Arcandra Imbau Investor Tak Perlu Khawatir Investasi di Tahun Politik

Penulis: Anggita Rezki Amelia

Editor: Arnold Sirait

7/1/2019, 18.25 WIB

Arcandra tak bisa menjamin skema kontrak gross split bisa bertahan jika terjadi perubahan pemerintahan.

Arcandra Tahar
Katadata

Kementerian Energi dan Sumber Daya Mineral (ESDM) mengimbau agar investor tak perlu khawatir menanamkan modalnya di Indonesia saat tahun politik, terutama di sektor minyak dan gas bumi (migas). Pemerintah akan tetap bekerja untuk memberikan kepastian berinvestasi bagi investor.

Wakil Menteri ESDM Arcandra Tahar mengatakan  salah satu yang sedang diselesaikan adalah kepastian pengelolaan blok migas yang akan berakhir tahun 2023. Hingga empat tahun ke depan, sebenarnya ada tiga blok yang akan berakhir yakni Rimau, Jabung dan Corridor.

Akan tetapi, pemerintah sudah memutuskan pengelolaan Blok Rimau ke PT Medco E&P Rimau. Perusahaan besutan Arifin Panigoro ini mendapatkan kontrak baru hingga 20 tahun sejak 22 April 2023.

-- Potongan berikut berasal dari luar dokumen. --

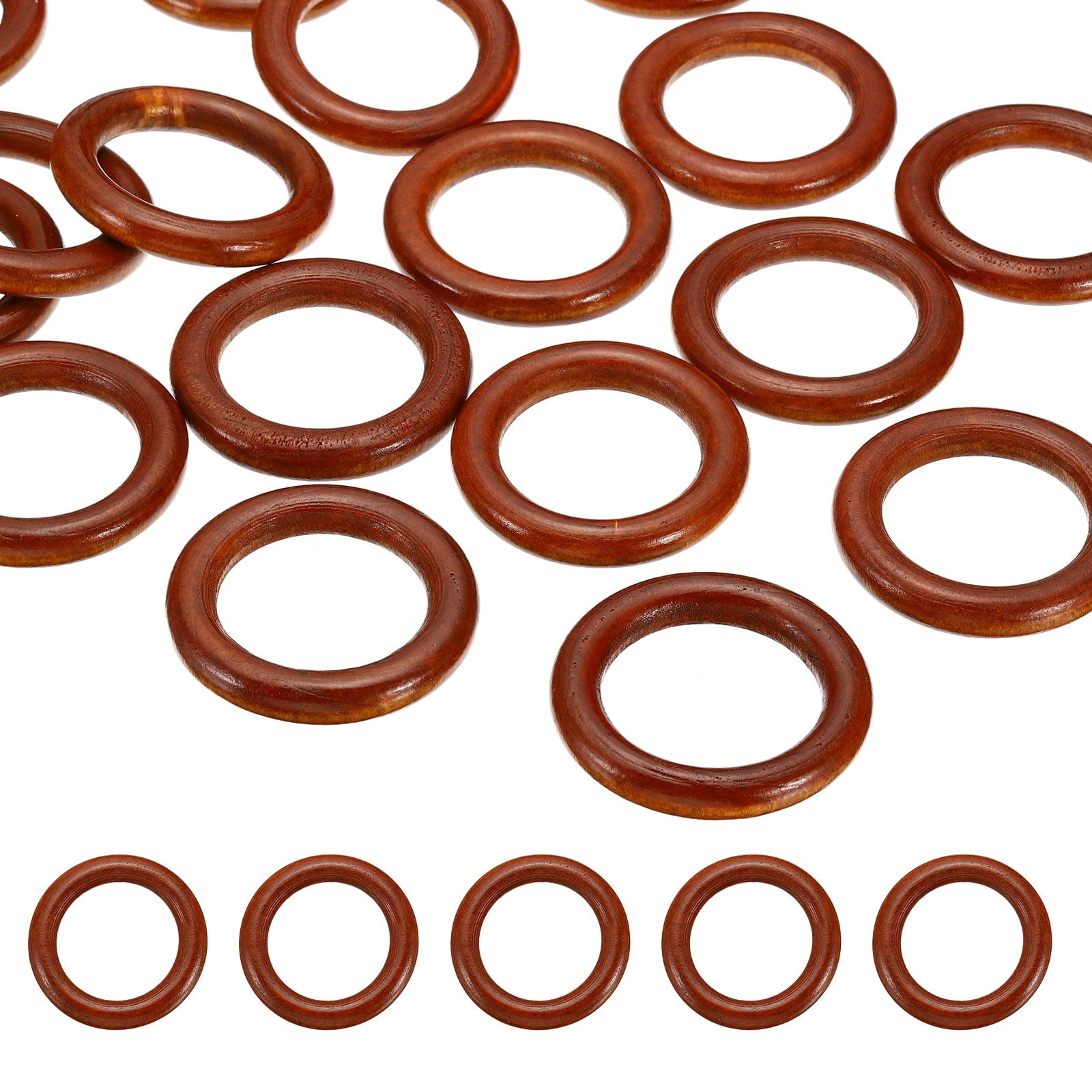 Uxcell 50mm Natural Wooden Rings, 30 Pack Wood Ring Round Linking Rings ...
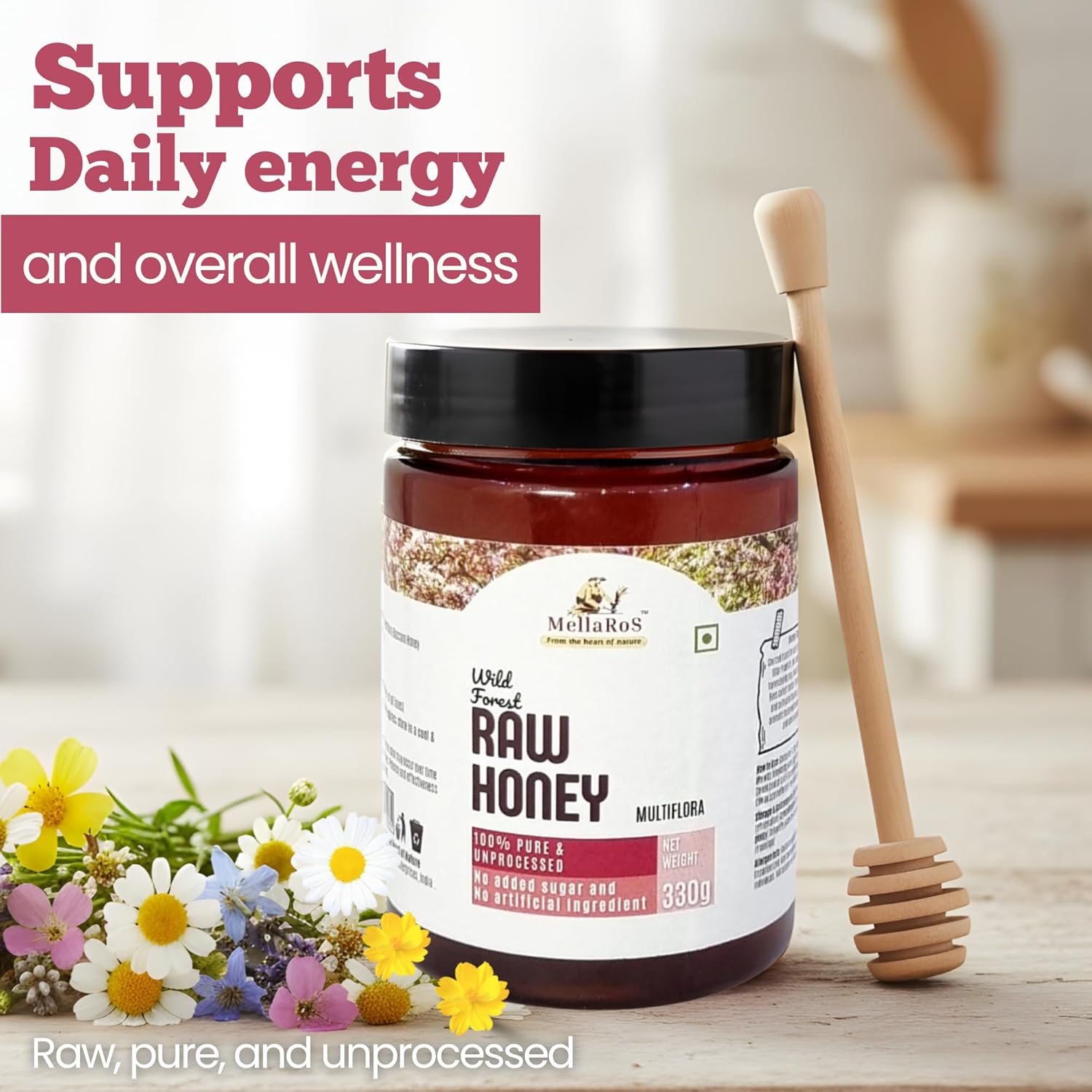 Organic Forest Raw Honey (Multifloral-330g) 100% Pure Farm fresh with No Sugar Adulteration, Unheated & Unprocessed | Non Pasteurized Original Honey | Certified by the ISO 22000:2018, APEDA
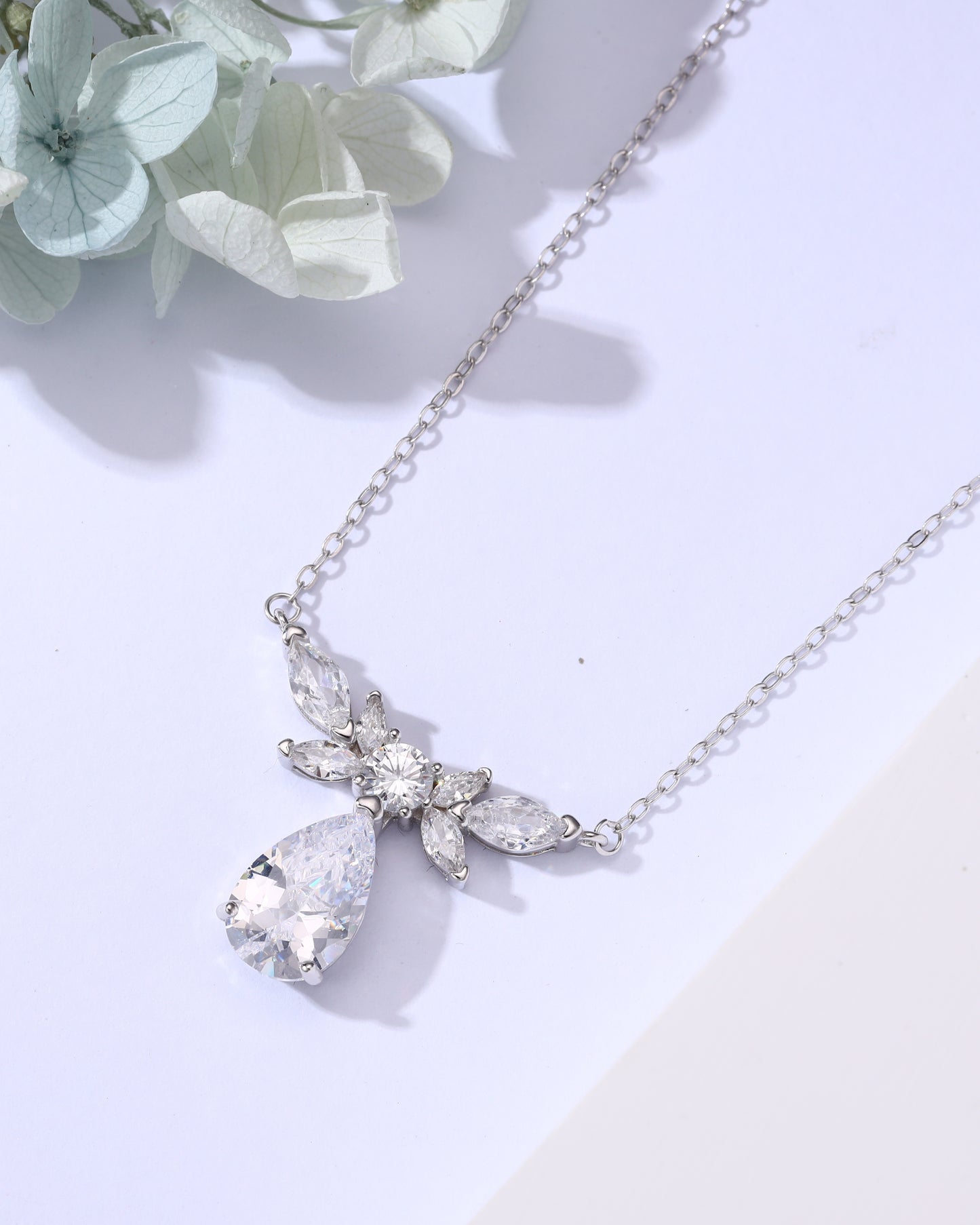 Teardrop & Marquise Zircon Statement Necklace – Silver Finish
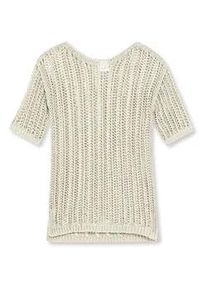 Madeleine Mode Longpullover MADELEINE "Strickpullover Luftiger Sommerpullover mit Ajour-Muster", Damen, Gr. 40/42, wei&szlig; (wollwei&szlig;), Obermaterial: 75% Baumwolle CO. 25% Polyamid PA., Modern, gerade, Pullover Longpullover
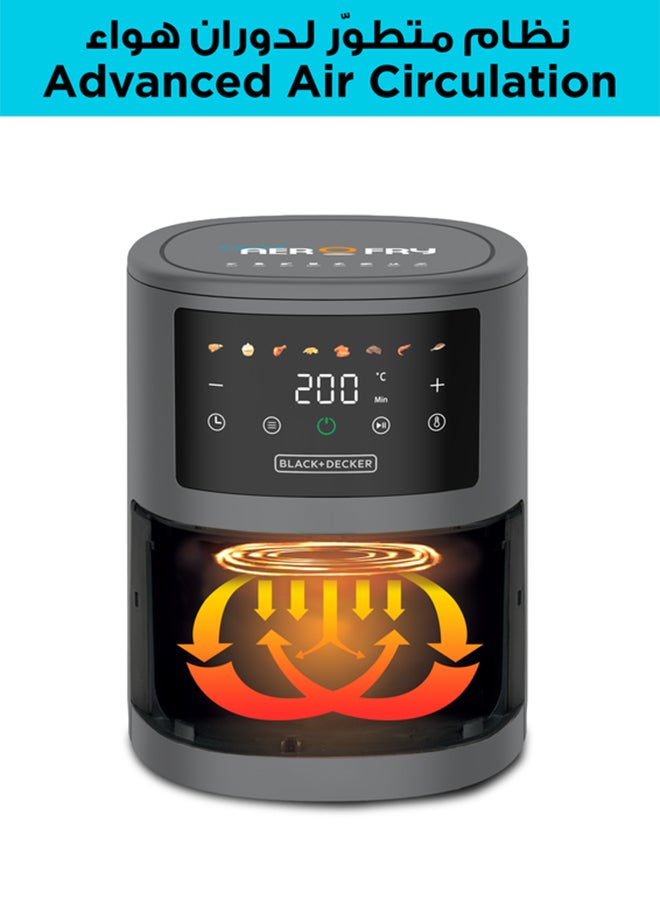بلاك اند ديكر 8 in 1 Digital Air Fryer, 3.5L Capacity with Rapid Air Convection Technology, 1500W Power with Colored LED Display, Auto OFF Function with 3 Beep Shake Reminder AF3550-B5 3.5 L 1500 W AF3550-B5 Black - Image 5
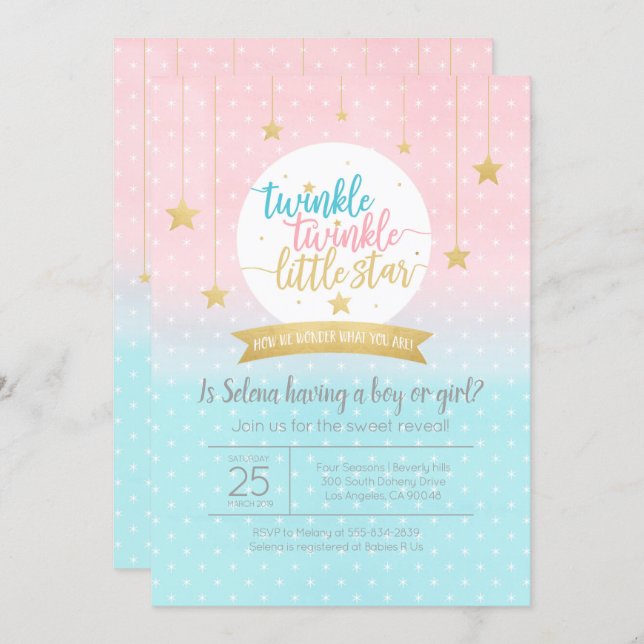 Twinkle Twinkle Little Star Gender Reveal Shower Invitation (Front/Back)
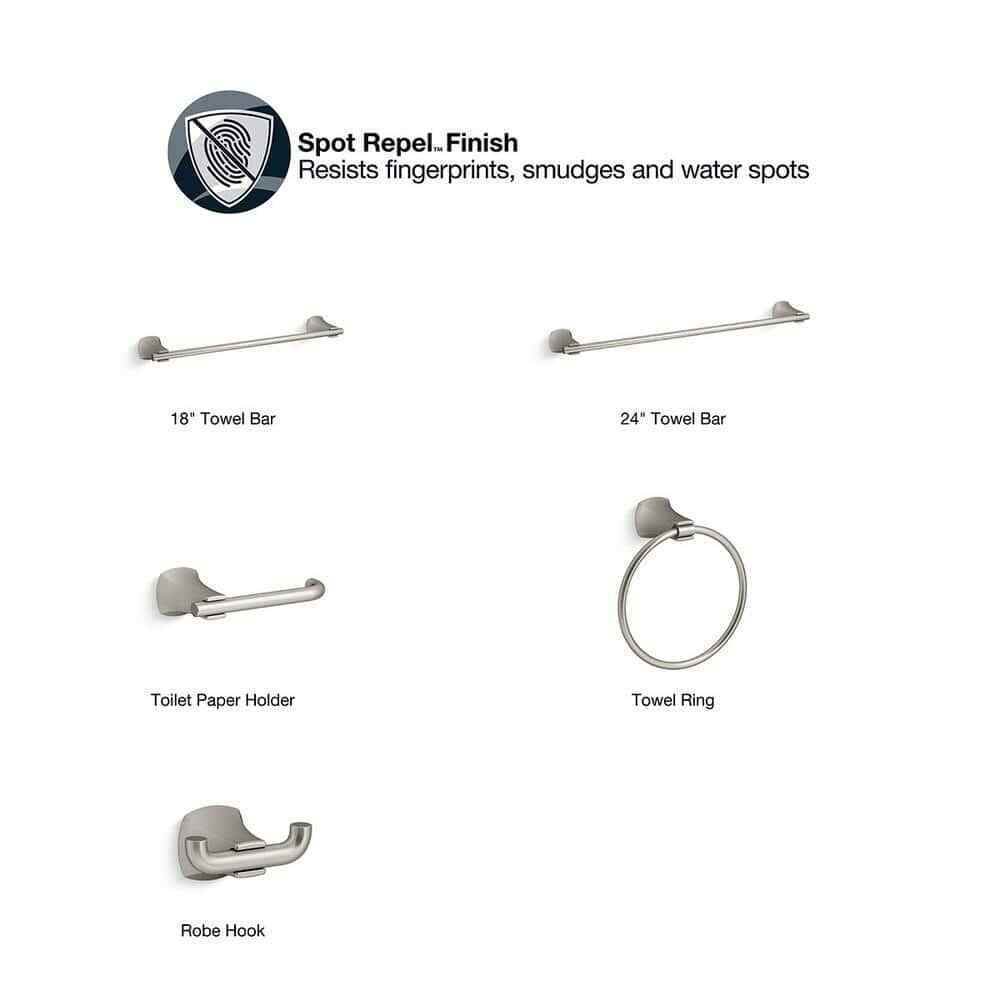 KOHLER Rubicon Single Hook Robe Hook in Vibrant Brushed Nickel K-R26115-BN
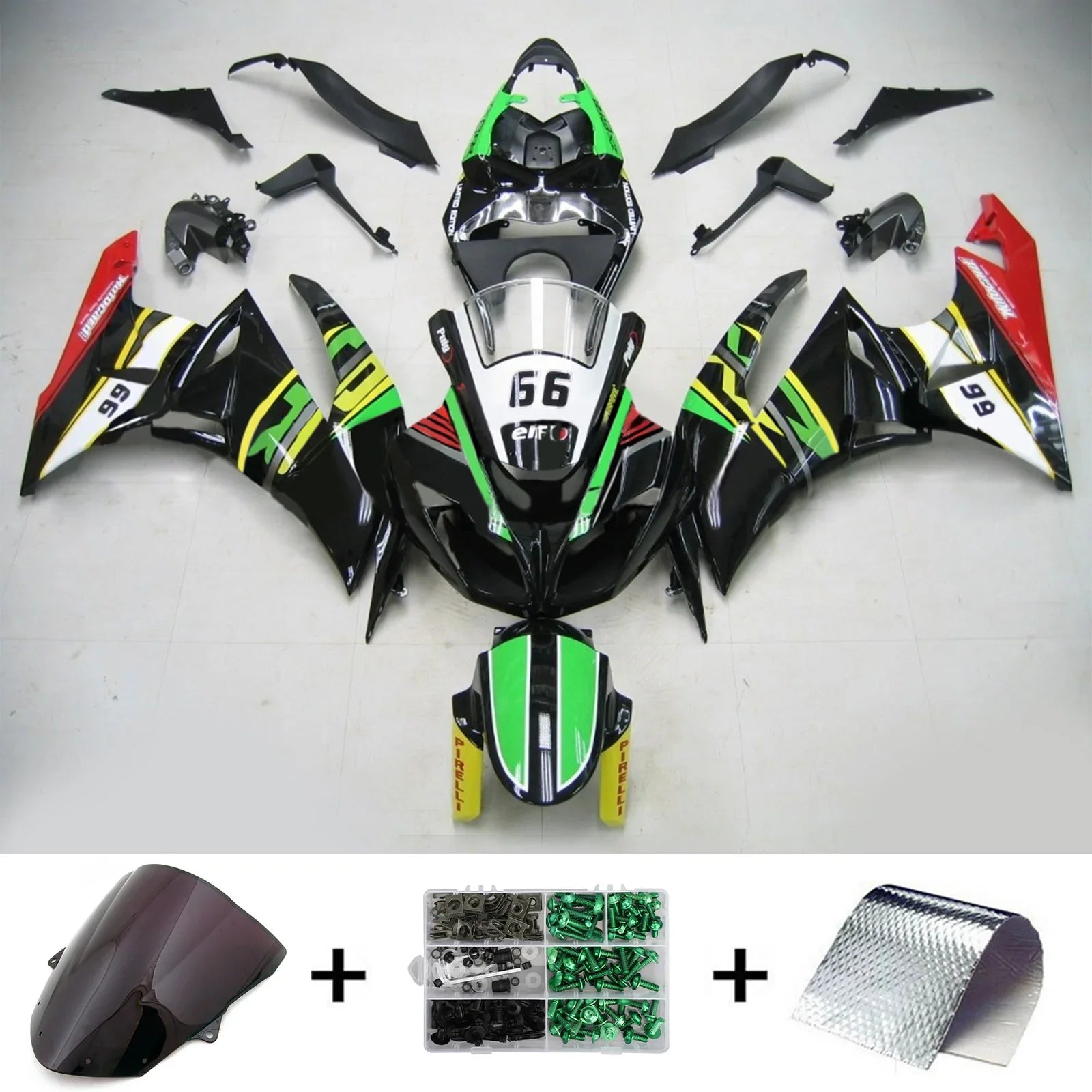 Kit de carénage Amotopart pour Kawasaki ZX6R 636 2009-2012 Générique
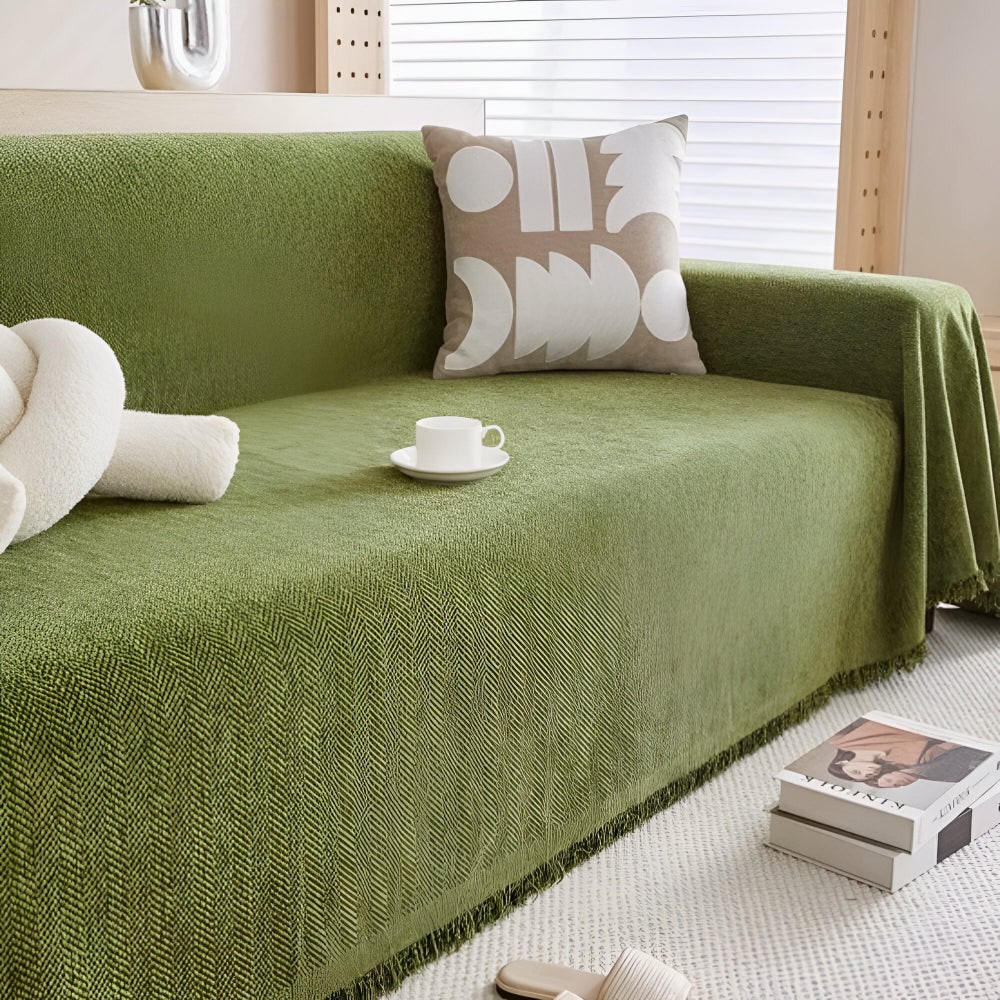 Sofa Throw Blanket Couch Cover Woven Herringbone Textured Fringed Tassel Furniture - Image 2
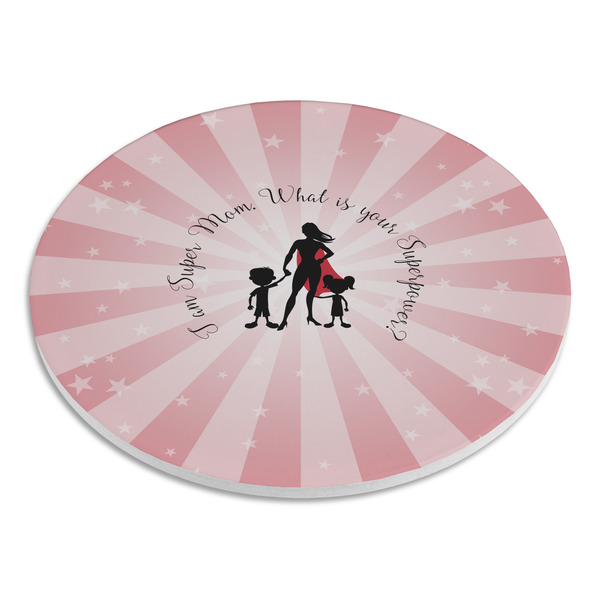 Super Mom Round Stone Trivet - Angle View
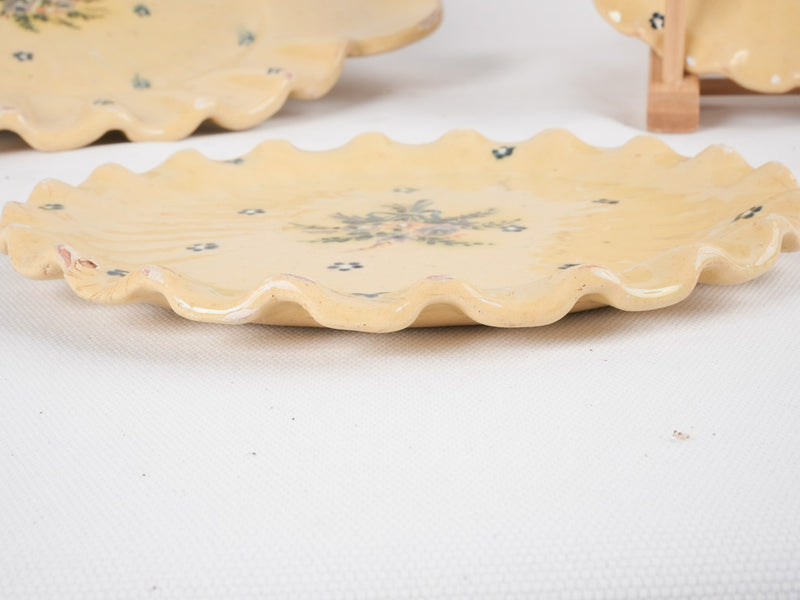 Collectible hand-painted platter with imperfections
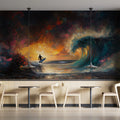 Psychedelic Sunset Wave Mural Wallpaper — Expressive Oil Painting Mural Wallpaper - pure wallpaper artwork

Alhasil, hingga kini tersisa Blok Jabung dan Corridor yang akan diputuskan tahun ini. “Kami selesaikan sampai blok yang habis kontrak tahun 2023,” ujar Arcandra, Senin (7/1).

Menurut Arcandra, tahun politik juga belum berpengaruh terhadap iklim investasi. Alasannya, peminat lelang blok migas dalam beberapa tahun terakhir diminati investor.

Tahun lalu, dari tiga kali tahapan lelang blok migas yang  dibuka oleh Kementerian ESDM, sembilan blok migas laku dilelang dengan skema gross split. Sementara, tahun 2017 juga laku lima blok migas. Sehingga total blok migas yang sudah menggunakan skema gross split ada 36.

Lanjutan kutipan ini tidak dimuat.